PENYELESAIAN KASUS KEKERASAN DALAM RUMAH TANGGA DI POLRES SAMPANG
RESOLUTION OF DOMESTIC VIOLENCE CASES AT THE SAMPANG POLICE STATION
Penyelesaian kasus KDRT di Kabupaten Sampang belum optimal banyak kasus dilaporkan ke Polres Sampang yang dicabut aduannya, karenanya dalam penelitian ini permasalahan yang diangkat meliputi implementasi pasal 16 Undang-Undang No. 23 Tahun 2004 tentang KDRT yang berkaitan dengan prosedur penyelesaian kasus KDRT di Polres Sampang dan menganalisis terkait hambatan yang terjadi dalam pengimplementasiannya. Metode penelitian yang dipakai yakni yuridis-sosiologis, data diperoleh melalui wawancara dengan dokumentasi setelah data terkumpul dianalisis menggunakan analisis kualitatif. Hasil penelitian ini menunjukkan: 1.Banyak kasus KDRT di Polres Sampang ditarik kembali karena tekanan keluarga, sehingga perlindungan hukum lemah. Akibatnya, kekerasan berulang karena pelaku tidak dihukum, menunjukkan rendahnya implementasi Pasal 16 UU No. 23 Tahun 2004. dan 2. KDRT di Sampang menjadi masalah utama. Walaupun ada UU No. 23 Tahun 2004, pelaksanaannya terkendala oleh isu hukum, sosial, dan ekonomi. Penelitian ini menganalisis penerapan hukum di masyarakat, khususnya dalam hal implementasi peraturan. Di Sampang, pelaku KDRT tidak mendapatkan sanksi yang tepat, sehingga tidak ada efek jera. Banyak kasus KDRT di Polres Sampang yang tidak diproses secara hukum, yang meningkatkan risiko kekerasan berulang. Selain itu, dukungan dan perlindungan bagi korban KDRT di Sampang masih sangat minim.

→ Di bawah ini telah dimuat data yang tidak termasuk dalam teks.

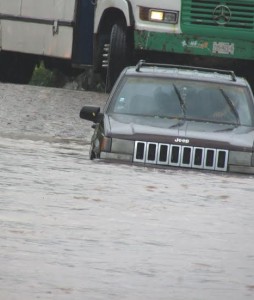 Inundaciones en varias zonas debido a la fuerte tormenta de ayer martes.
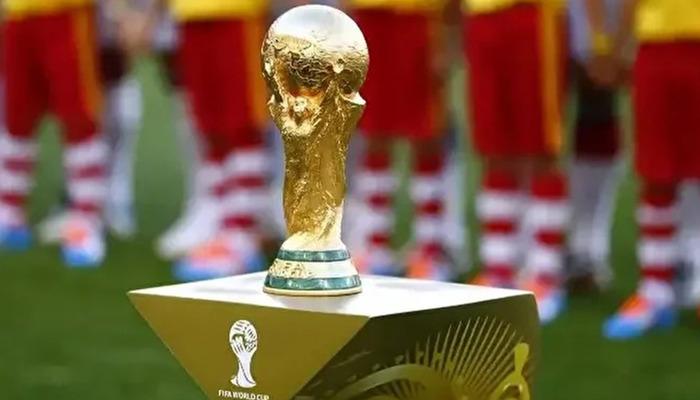 Dünya Kupası yolunda bir tarih yazılıyor! 155 bin nüfuslu bir ada Fenerbahçe’nin eski hocası Dick Advocaat ile zafere koşuyor…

Kata Kunci: Implementasi Undang-Undang No. 23 Tahun 2004, Hambatan Sosial dan Budaya, Penyelesaian KDRT
The resolution of domestic violence (KDRT) cases in Sampang Regency remains ineffective, with many cases withdrawn from the Sampang Police. This study examines the implementation of Article 16 of Law No. 23 of 2004 on Domestic Violence and analyzes obstacles in its enforcement. Using a juridical-sociological method, data were collected through interviews and documentation, then analyzed qualitatively. The findings show that many cases are withdrawn due to family pressure, weakening legal protection. As a result, repeated violence occurs because perpetrators go unpunished, indicating poor law enforcement. Despite the existence of Law No. 23 of 2004, enforcement faces legal, social, and economic challenges. Many cases remain unprocessed, increasing the risk of recurrence. Additionally, support and protection for victims in Sampang are minimal, further exacerbating the issue.
Keywords: Implementation of Law No. 23 of 2004, Social and Cultural Barriers, Domestic Violence Resolution.